Allah’ım! Bana vereceğin nimetler beni yoldan çıkaracak ya da çizgimi değiştirtecekse ben onları istemiyorum. Ne olur, beni altından kalkamayacağım imtihanlara tabî tutma!.

* * *

Allah’ım! Hayrât ve hasenâta Senin ihtiyacın yok; ama ilâhî lütfuna benim ihtiyacım çok!

* * *

Kâmil imana ulaşmak, Allah’a hep yakın durma ve her zaman O’na yakın olma yollarını araştırmaktan geçer.

* * *

Mü’minler kendilerine değil Allah’a güvenirler; “özgüven” dedikleri şey en hafif ifadesiyle bir aldanmışlıktır.

* * *

Hiç katkıda bulunmadığı bir işten dolayı methedilmekten hoşlanmak –Kur’an’ın açık ifadesiyle– büyük bir nifak alametidir.

* * *

Kâmil mü’min olmaya azmedenler kusurlarını duymaktan dolayı rahatsız olmamayı kendilerine bir şiar edinmelidirler.

* * *

Mü’minin namazdan daha önemli işi olamaz; o, namazı kendine takvim yapmalı ve işlerini elden geldiğince ona göre ayarlamalıdır.

* * *

Hayatınızda bir iğne ucu kadar günahınız varsa onu gözünüzde çok büyük görmeli ve “Her şeyi görüp bilen Müheymin bunu bana sorduğunda ne yaparım?” diye düşünmelisiniz. İşte gerçek iman budur.

* * *

“Lime tekûlûne mâ lâ tef’alûn/Niçin yapmadığınız şeyleri başkalarına söylüyorsunuz?” demek, “Madem yapmıyorsunuz, o halde söylemeyin” demek değildir.
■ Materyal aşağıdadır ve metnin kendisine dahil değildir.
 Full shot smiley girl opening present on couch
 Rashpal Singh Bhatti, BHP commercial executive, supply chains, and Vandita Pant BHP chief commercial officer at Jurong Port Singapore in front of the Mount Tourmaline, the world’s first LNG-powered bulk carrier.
O, “Madem söylüyorsunuz o halde söylediklerinizi evvela siz yapın” demektir. Onun için insan yapmasa da söylemeli, fakat dediklerini de yapmaya çalışmalıdır.

* * *

Bir çeşit başkalaşan her çeşit başkalaşabilir.

* * *

Yüreklerinde hayatı istihkar duygusunu geliştiremeyenler hep dünyanın kulu kölesi olarak kalır giderler.

Close

Subscribe to Blog via Email

Enter your email address to subscribe to this blog and receive notifications of new posts by email.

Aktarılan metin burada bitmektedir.